Caramelos en la puerta del colegio


Cuando estaba en el colegio y nos daban la hora del recreo la gran aventura residía en salir a la tienda de golosinas y poder, mientras los dedos de los pies nos sujetaban a la altura del mostrador de cristal, dejar las últimas monedas de la paga para pedir "15 pesetas en gominolas" (un flash de limón si es que hiciera calor), las cuales elegíamos como el adulto que va a comprarse un coche y mira el motor de la misma manera que si tuviera un master en mecánica.

Después llegaron los días en los que aprendimos que en esa misma tienda podíamos comprar cigarros sueltos y nos íbamos a comprar un lucky que nos fumábamos apoyados en el muro trasero del colegio esperando que el profesor no se diera cuenta que habíamos fumado.

Cuando llegué a la universidad el lugar perfecto para que los ingenieros sin futuro conocieran a esas volutuosas estudiantes de turismo era la zona donde residían las máquinas de café que acompañábamos con esas palmeras de chocolate con vainilla industrial que mi profesor de química de tercero me explicó que se llamaba vainilina y procedía de un deshecho de la fabricación del papel. Así que la verdad es que intentábamos ligar con mujeres que veían en nosotros a los raros de las fórmulas que disfrutaban de sus calorías mientras comíamos árboles y hacíamos chistes sobre el teorema de Frobenius.

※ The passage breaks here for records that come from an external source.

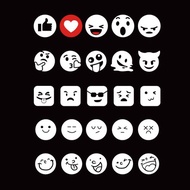 FACEBOOK 表情符號 反光貼紙 貼圖 車貼 機車汽車貼紙 防水防曬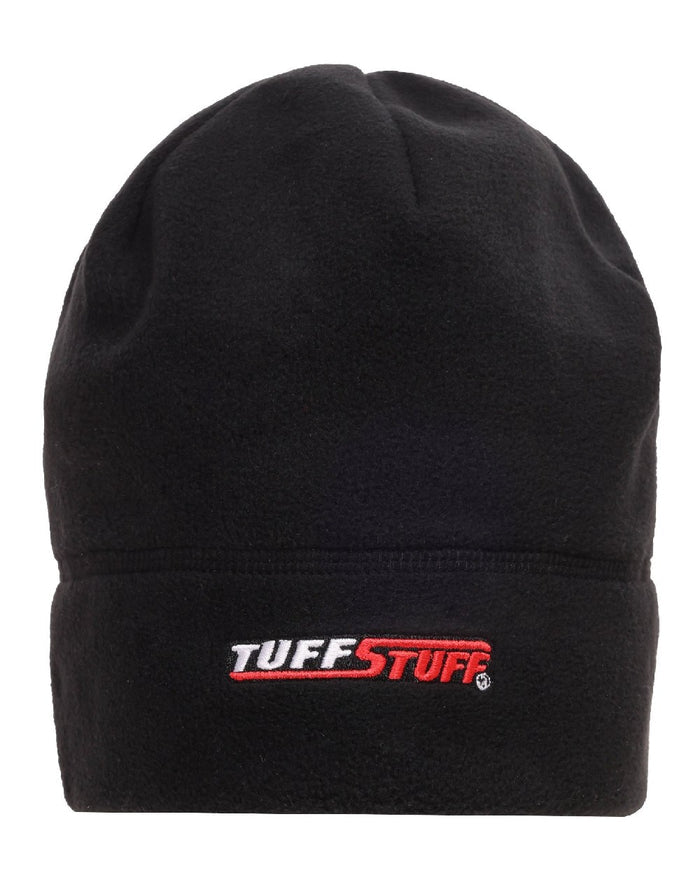 Black coloured TuffStuff Winter Bundle Beanie on white background #colour_black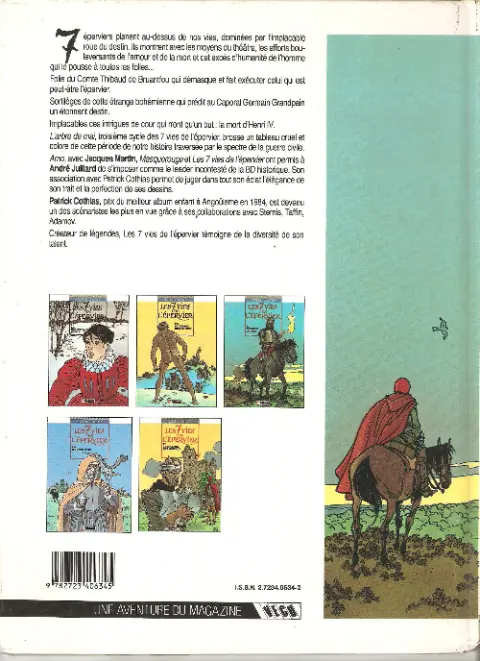 Verso de l'album Les 7 Vies de l'Épervier Tome 3 L'arbre de mai
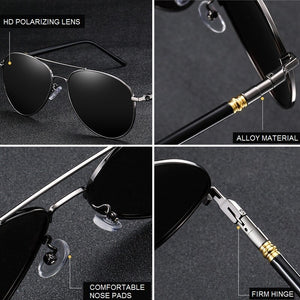 Classic Photochromic Sunglasses For Men Women Polarized Chameleon Sun Glasses Male Driving Pilot Vintage Fashing Camping Goggles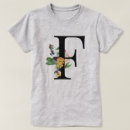 Recherche de lettre f tshirts Girly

Después, en el trabajo, buscamos el bar más cercano donde excusar el café con un pequeño tentempié diario que resultaba ser el culpable de que nuestra corbata señalara la punta de nuestros pies en vez nuestro orgulloso órgano personal.

Ahora que el ministerio de sanidad parece que va a prohibir la venta de chucherías en las zonas cercanas a los colegios se cierra la puerta a ese apasionante mundo nuevo que era la excusa para lograr, como si fuera un tesoro, las calorías que gastábamos corriendo antes de tener que volver a clase, tirarnos a la rubia de turismo o gastar en las horas extras de la oficina.

Creo que sólo los que hemos llevado ese proceso somo capaces de ir, jubilados como el que más, a un bar con la excusa de jugar una partida de cartas y tomarnos un brandy mientras pensamos si tenemos juego en las interminables partidas de mus que aprendimos en la universidad. En realidad el bien por la obesidad infantil altera algunos de nuestros hábitos más nostálgicos.

Claro que va a terminar siendo más facil comprar marihuana que una chocolatina porque veo a más adolescentes sentados mirando el móvil mientras se pasan la "chusta" del canuto que con esas bolsas transparentes de gominolas con forma de ositos. Las drogas no engordan.

1 comentario:

  1. Llevo tiempo queriendo leer algo así por aquí, son mis preferidos!